Tended to coincide with nearby activity
The quakes fell along a fault lying directly under three hydraulic fracturing operations and tended to coincide with nearby activity, researchers found. About 190 quakes were detected in a single three-day period last October, beginning within hours of the start of fracking. None of the quakes was reported felt by people.
Shawn Bennett, a spokesman for the Ohio Oil & Gas Association, said the industry is looking at the issue nationally but wants more information on what caused the Ohio. He said human-caused earthquakes are "extremely rare," whereas 1.3 million tremors of similar magnitude happen naturally around the globe every year.
Ohio Department of Natural Resources spokeswoman Bethany McCorkle said the state has installed seismic monitoring equipment throughout eastern Ohio over the past year and is keeping close watch for earthquakes strong enough to be felt.

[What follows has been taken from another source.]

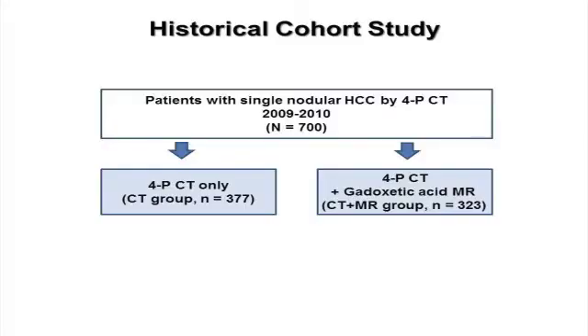We first evaluated whether adding Gadoxetic Acid Enhanced MRI to the staging workup of HCC led to improved clinical outcomes such as patient survival. In this historical cohort study, 700 patients who were assessed to have single nodular HCC by four-phase dynamic CT were included. Of these, 323 were additionally staged with Gadoxetic Acid Enhanced MRI before treatment — defined as the CT plus MR group — while 377 took only four-phase CT, referred to as the CT group.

Fracking involves the high-pressure injection of water, sand and chemicals into shale to break up the rock and release trapped oil and gas.
Rowena Lohman, an assistant professor of geophysics at Cornell University who was not involved in the study, said some faults cannot be discovered until underground activity is attempted. She said the latest findings can be used to try to prevent worse quakes.
"We've known for a really long time, going back to the '70s, that when you do any subsurface manipulation you cause small earthquakes," she said. "The big question is: Are we doing something now that increases the probability that it will induce larger quakes?"